What is being asked:
Each line of the data below from the one holding "2025 Kawasaki ZX1002 M" to the one holding "Brand New Exquisite", inclusive, is to be reproduced exactly; no other line belongs in the answer.

Data in this exercise:
_ _ _ _

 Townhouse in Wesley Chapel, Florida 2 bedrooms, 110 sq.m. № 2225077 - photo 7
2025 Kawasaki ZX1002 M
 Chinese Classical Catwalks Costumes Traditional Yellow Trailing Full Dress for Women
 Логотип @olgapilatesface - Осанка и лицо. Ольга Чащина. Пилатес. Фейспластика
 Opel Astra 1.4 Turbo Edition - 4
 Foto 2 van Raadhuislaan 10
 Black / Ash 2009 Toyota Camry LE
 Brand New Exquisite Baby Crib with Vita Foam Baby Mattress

_ _ _ _

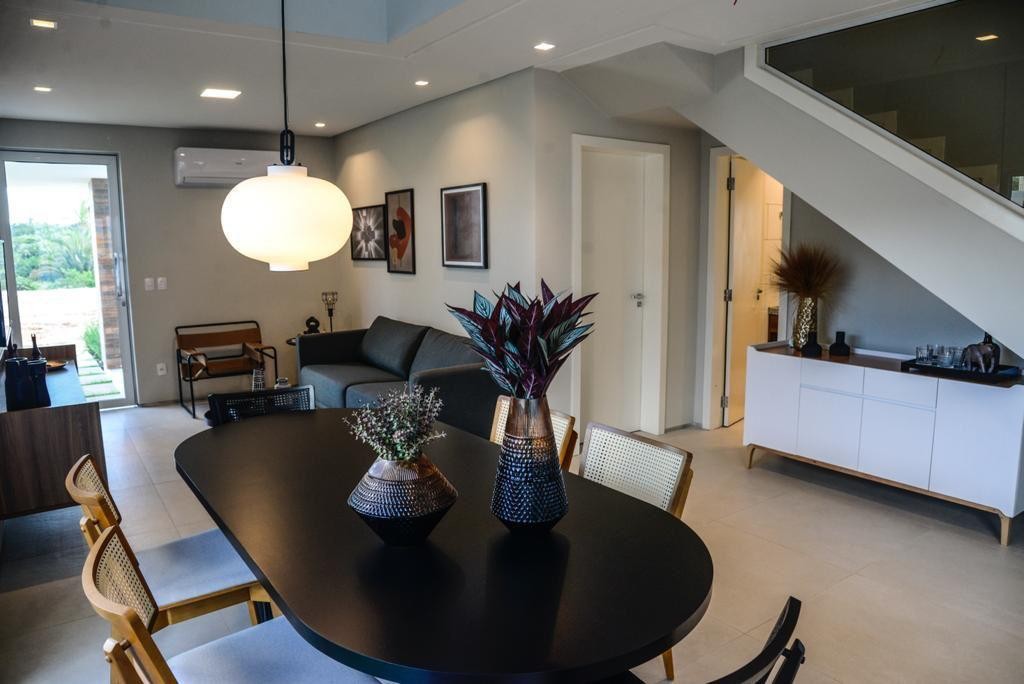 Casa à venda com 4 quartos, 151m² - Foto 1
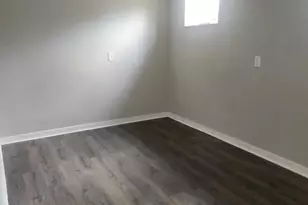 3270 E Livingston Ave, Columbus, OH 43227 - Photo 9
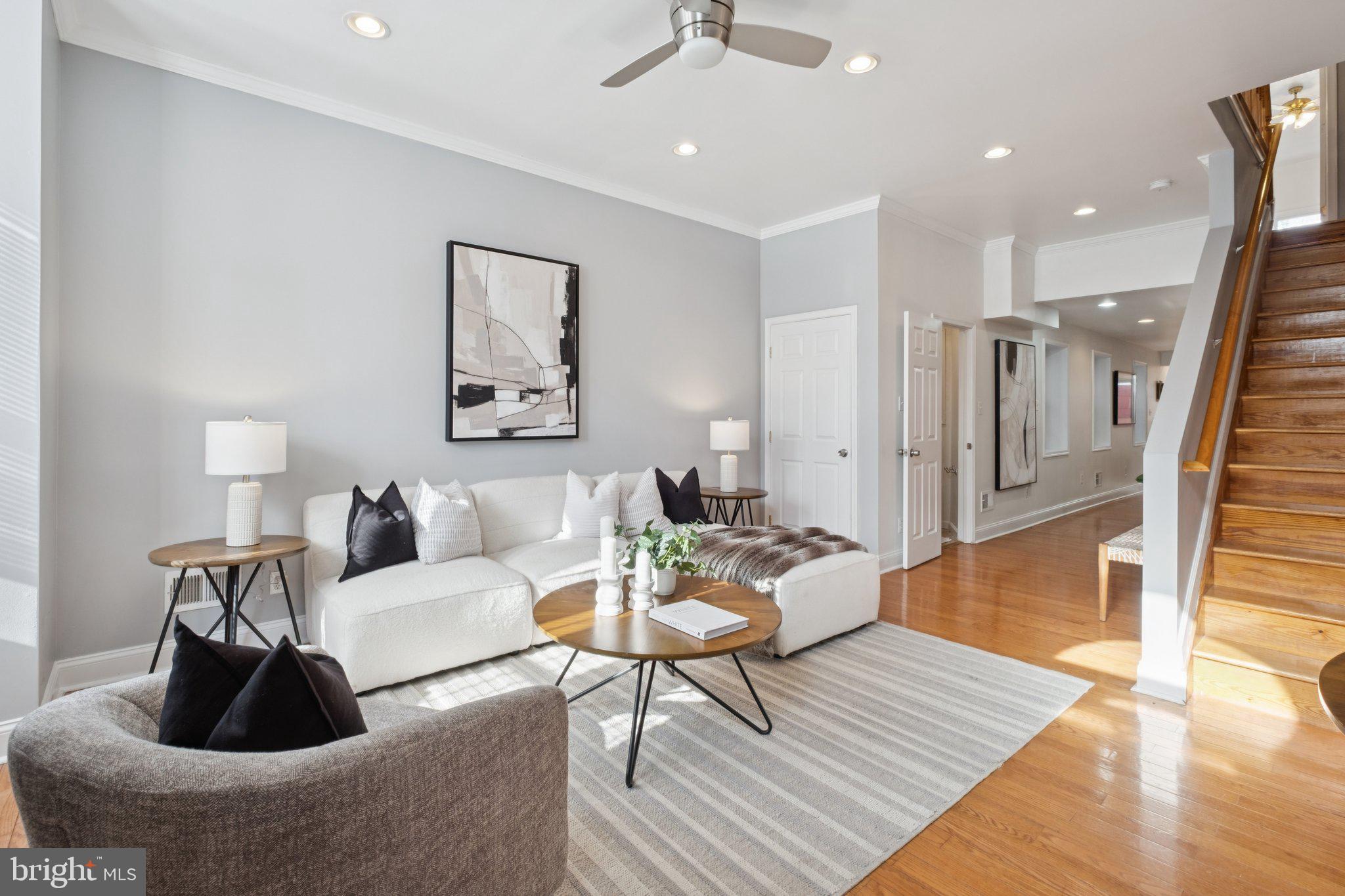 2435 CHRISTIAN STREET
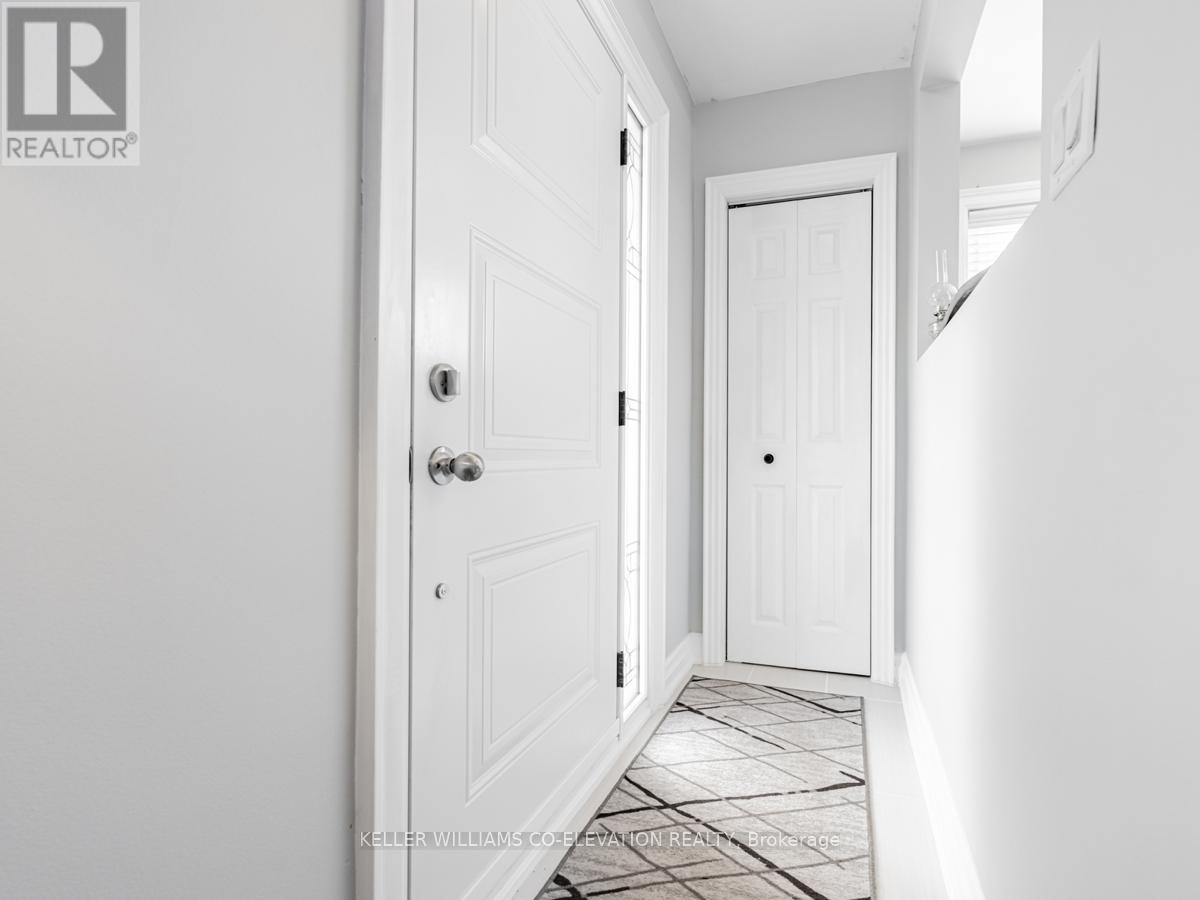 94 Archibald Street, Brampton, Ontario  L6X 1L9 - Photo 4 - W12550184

_ _ _ _

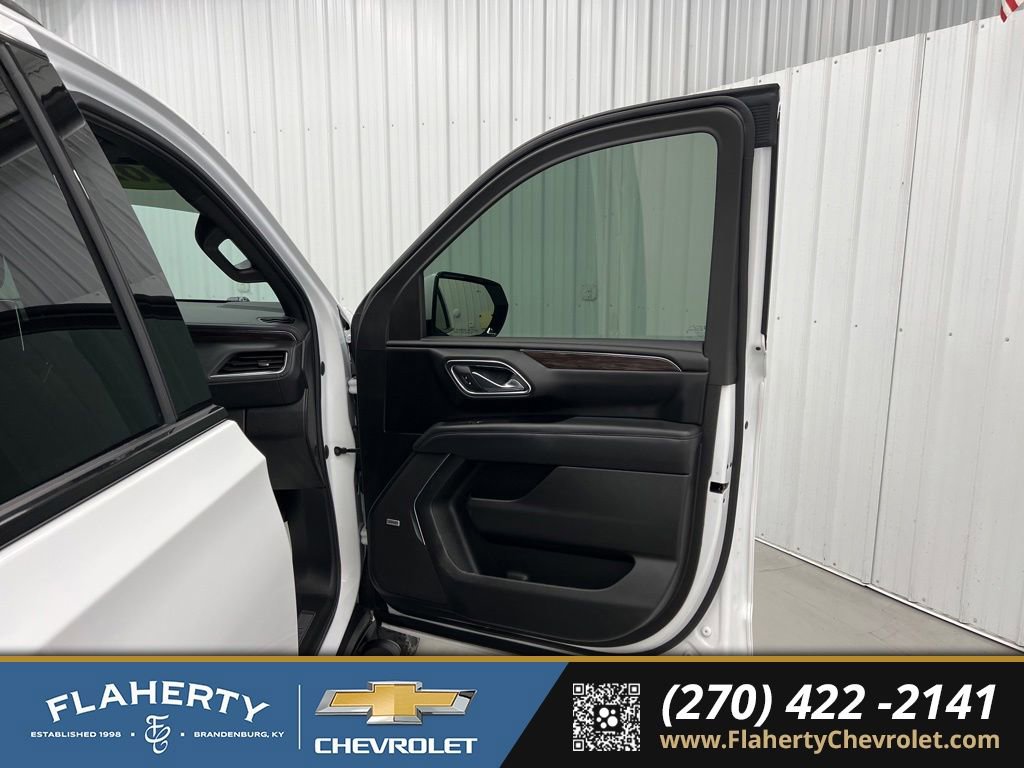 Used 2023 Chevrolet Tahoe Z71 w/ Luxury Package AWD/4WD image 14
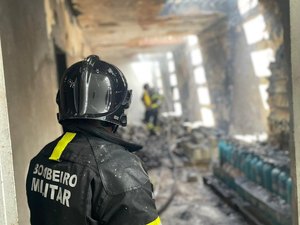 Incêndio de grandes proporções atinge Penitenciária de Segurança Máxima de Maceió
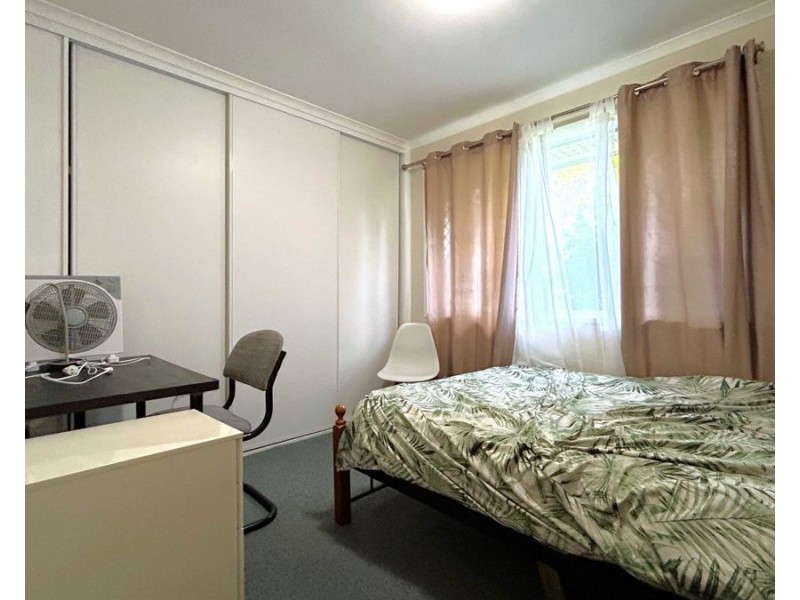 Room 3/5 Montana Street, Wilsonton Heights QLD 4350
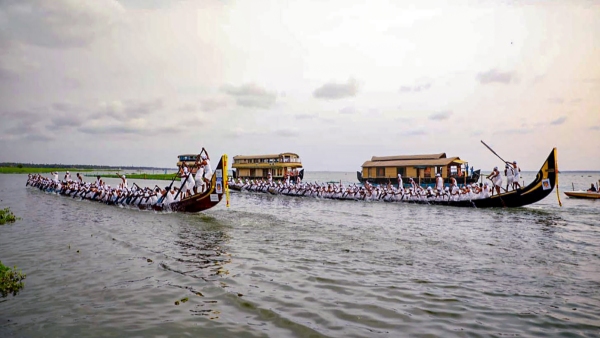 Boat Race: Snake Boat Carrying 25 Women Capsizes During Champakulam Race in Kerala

_ _ _ _

Output for this task:
2025 Kawasaki ZX1002 M
 Chinese Classical Catwalks Costumes Traditional Yellow Trailing Full Dress for Women
 Логотип @olgapilatesface - Осанка и лицо. Ольга Чащина. Пилатес. Фейспластика
 Opel Astra 1.4 Turbo Edition - 4
 Foto 2 van Raadhuislaan 10
 Black / Ash 2009 Toyota Camry LE
 Brand New Exquisite Baby Crib with Vita Foam Baby Mattress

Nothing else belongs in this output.